Normalizes this IRI's components.
Because IRIs exist to identify resources, presumably they should be considered equivalent when they
identify the same resource. However, this definition of equivalence is not of much practical use, as
there is no way for an implementation to compare two resources unless it has full knowledge or control
of them. Therefore, IRI normalization is designed to minimize false negatives while strictly avoiding
false positives.
Case Normalization the hexadecimal digits within a percent-encoding triplet (e.g., "%3a" versus
"%3A") are case-insensitive and are normalized to use uppercase letters for the digits A - F. The
scheme and host are case insensitive and are normalized to lowercase.
Character Normalization The Unicode Standard defines various equivalences between sequences of
characters for various purposes.
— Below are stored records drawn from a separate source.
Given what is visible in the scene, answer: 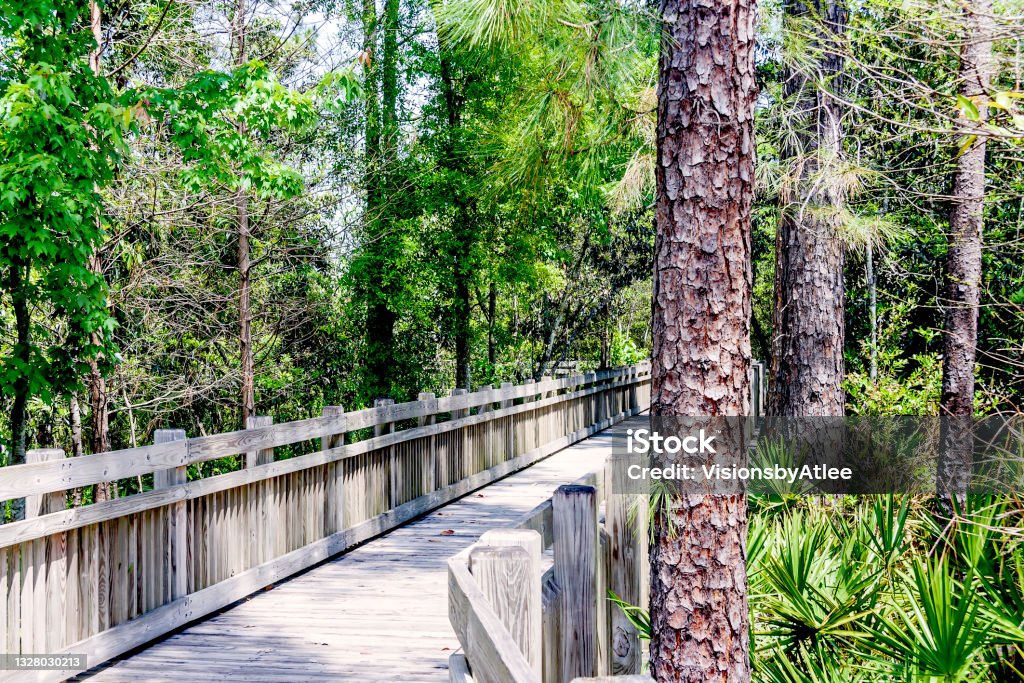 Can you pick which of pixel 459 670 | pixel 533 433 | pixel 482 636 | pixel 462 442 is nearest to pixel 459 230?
pixel 533 433

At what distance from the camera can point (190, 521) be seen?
5691 millimetres

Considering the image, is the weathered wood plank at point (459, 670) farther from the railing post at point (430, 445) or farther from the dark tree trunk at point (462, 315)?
the dark tree trunk at point (462, 315)

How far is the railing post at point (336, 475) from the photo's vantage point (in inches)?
296

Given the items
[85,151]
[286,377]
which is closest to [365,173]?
[286,377]

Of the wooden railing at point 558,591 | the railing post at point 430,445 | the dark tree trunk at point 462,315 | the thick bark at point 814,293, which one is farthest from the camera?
the dark tree trunk at point 462,315

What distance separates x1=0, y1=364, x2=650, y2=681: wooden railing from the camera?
443cm

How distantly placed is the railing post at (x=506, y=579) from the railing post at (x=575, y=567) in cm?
90

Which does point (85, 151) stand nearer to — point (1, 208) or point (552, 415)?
point (1, 208)

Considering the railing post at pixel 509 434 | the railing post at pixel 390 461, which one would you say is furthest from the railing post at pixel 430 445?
the railing post at pixel 509 434

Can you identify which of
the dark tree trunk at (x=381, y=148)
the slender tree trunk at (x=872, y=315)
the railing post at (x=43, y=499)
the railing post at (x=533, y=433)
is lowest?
the railing post at (x=533, y=433)

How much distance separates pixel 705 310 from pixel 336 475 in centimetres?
479

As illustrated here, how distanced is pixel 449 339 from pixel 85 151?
12.8 m

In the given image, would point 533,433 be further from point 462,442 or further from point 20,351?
point 20,351

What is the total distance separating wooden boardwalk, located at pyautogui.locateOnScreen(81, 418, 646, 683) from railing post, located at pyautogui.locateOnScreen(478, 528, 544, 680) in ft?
6.80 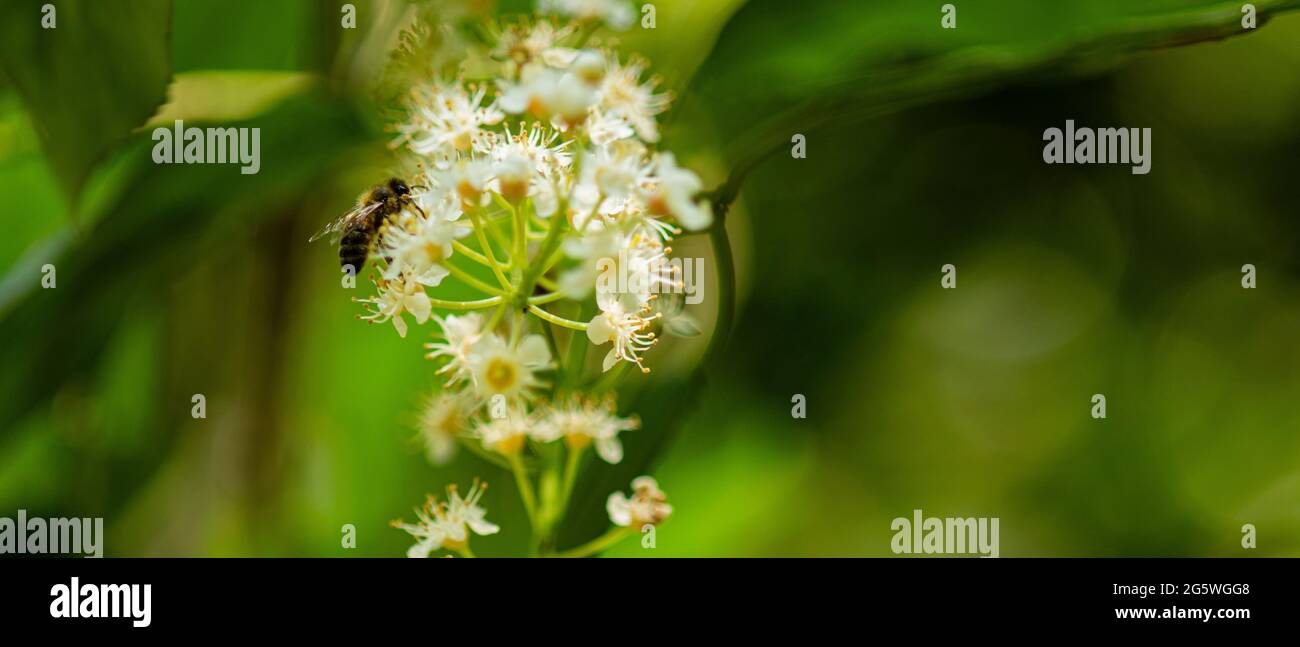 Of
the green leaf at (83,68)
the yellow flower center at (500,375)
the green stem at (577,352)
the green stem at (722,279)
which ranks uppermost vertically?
the green leaf at (83,68)

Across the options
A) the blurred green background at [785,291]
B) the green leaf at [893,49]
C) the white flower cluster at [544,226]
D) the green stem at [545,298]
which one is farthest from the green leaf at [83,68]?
the green leaf at [893,49]

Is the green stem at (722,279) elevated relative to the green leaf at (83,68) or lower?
lower

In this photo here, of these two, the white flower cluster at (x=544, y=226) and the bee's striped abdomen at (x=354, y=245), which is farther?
the bee's striped abdomen at (x=354, y=245)

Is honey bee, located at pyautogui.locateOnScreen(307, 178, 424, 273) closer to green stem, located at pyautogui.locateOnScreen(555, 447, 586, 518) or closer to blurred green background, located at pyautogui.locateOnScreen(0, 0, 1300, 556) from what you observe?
blurred green background, located at pyautogui.locateOnScreen(0, 0, 1300, 556)

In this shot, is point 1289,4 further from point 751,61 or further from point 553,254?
point 553,254

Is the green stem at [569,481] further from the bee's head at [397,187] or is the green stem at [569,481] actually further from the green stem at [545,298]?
the bee's head at [397,187] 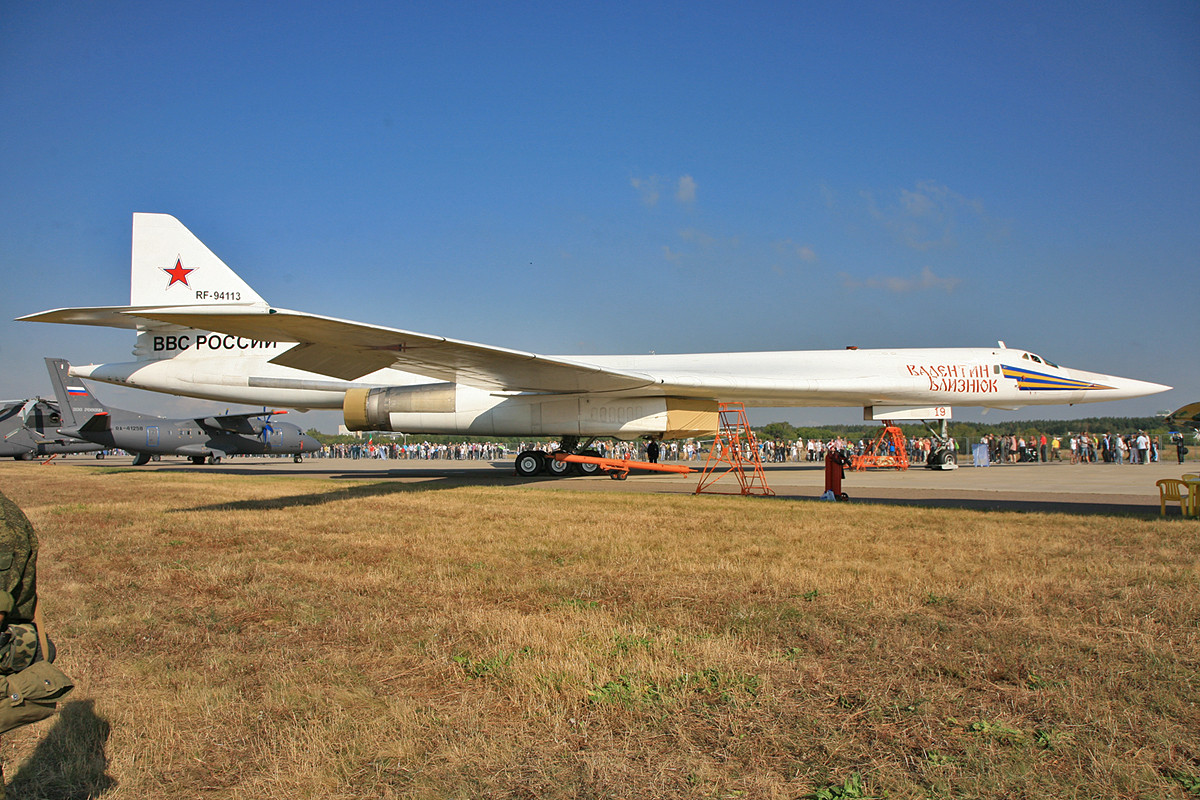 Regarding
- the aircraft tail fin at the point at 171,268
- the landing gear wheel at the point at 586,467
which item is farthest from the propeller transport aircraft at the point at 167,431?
the landing gear wheel at the point at 586,467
Unicode Standard Annex defines various Normalization Forms for these
equivalences and is applied to the IRI components.
Percent-Encoding Normalization decodes any percent-encoded octet sequence that corresponds to an
unreserved character anywhere in the IRI.
Path Segment Normalization is the process of removing unnecessary
"." and
".."segments from the path component of a hierarchical IRI. Each
"." segment is simply removed. A
".." segment is removed only if it is preceded by a non-
".." segment or the start of
the path.
HTTP(S) Scheme Normalization if the port uses the default port number or not given it is set to
undefined. An empty path is replaced with "/".
File Scheme Normalization if the host is "localhost" or empty it is set to undefined.
Internationalized Domain Name Normalization of the host component to Unicode.